Question de M. OUDIN Jacques (Vendée - UMP) publiée le 26/02/2003

M. Jacques Oudin attire l'attention de Mme la ministre déléguée à l'industrie sur les dispositions concernant l'implantation des éoliennes et la protection de l'environnement adoptées par le Sénat le 24 octobre 2002. Ce texte visait à préciser les conditions d'implantation des éoliennes et avait pour objet de réintégrer les éoliennes dans le droit commun de l'urbanisme. Ses principales dispositions ont été reprises au sein de la loi n° 2003-8 du 3 janvier 2003 relative aux marchés du gaz et de l'électricité et au service public de l'énergie. Les projets d'implantation d'éoliennes connaissent un fort développement depuis un an conduisant à une certaine spéculation concernant la réservation de sites pour leur implantation.

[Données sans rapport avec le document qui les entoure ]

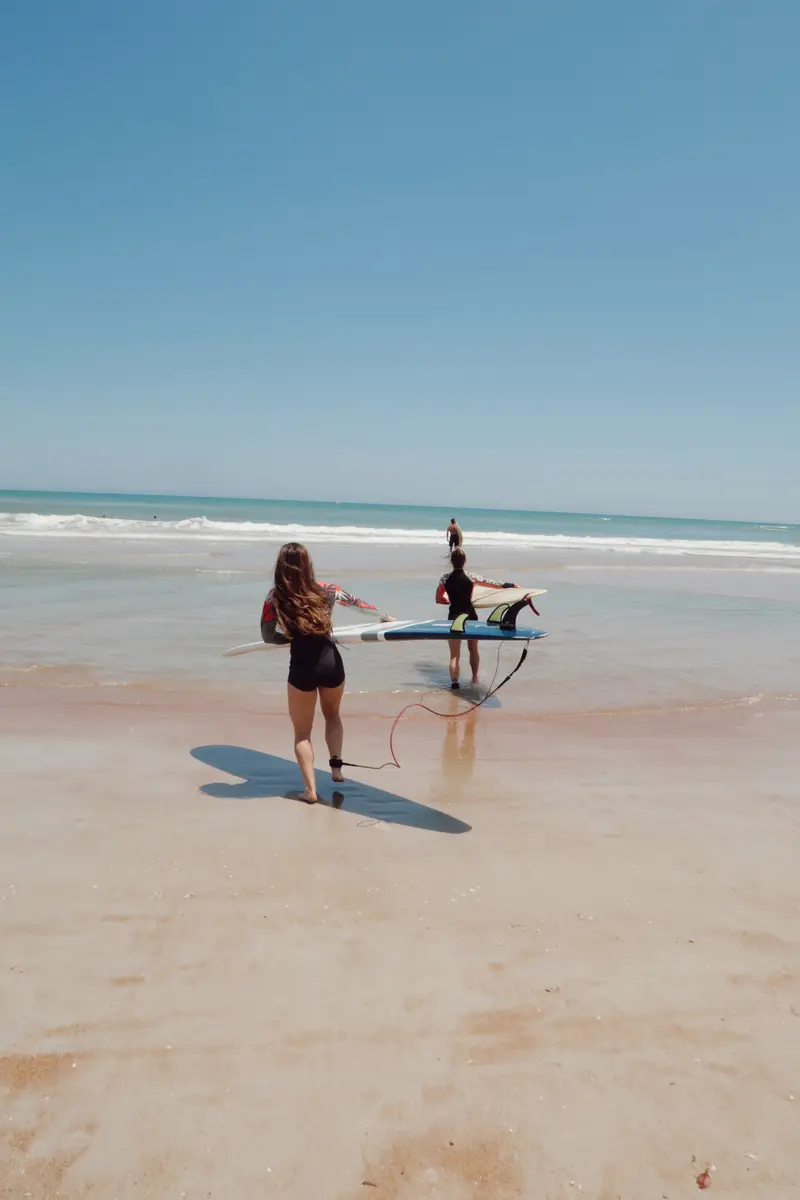 Group of people walking into the ocean with their paddle boards in Cabo, Mexico.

Or ces sites sont souvent situés dans les zones littorales ou montagneuses qui relèvent de mesures de protection spécifiques prévues par la loi Montagne n° 85-30 du 9 janvier 1985 et la loi Littoral n° 86-2 du 3 janvier 1986. Cette spéculation tient à la rentabilité de ces installations maintenue artificiellement à un niveau élevé grâce à l'obligation d'achat imposée à EDF par l'article 10 de la loi n° 2000-108 du 10 février 2000 relative à la modernisation et au développement du service public de l'électricité et par l'arrêté tarifaire du 8 juin 2001. Selon la Commission de régulation de l'énergie, le niveau de ces tarifs se situerait " très au-dessus de toutes les estimations raisonnables des coûts de revient de la filière éolienne ". En conséquence, il demande au Gouvernement s'il envisage une modification prochaine du régime de tarification applicable à la vente de l'énergie éolienne permettant de concilier le soutien au développement de cette source d'énergie et le fonctionnement normal du marché de l'énergie.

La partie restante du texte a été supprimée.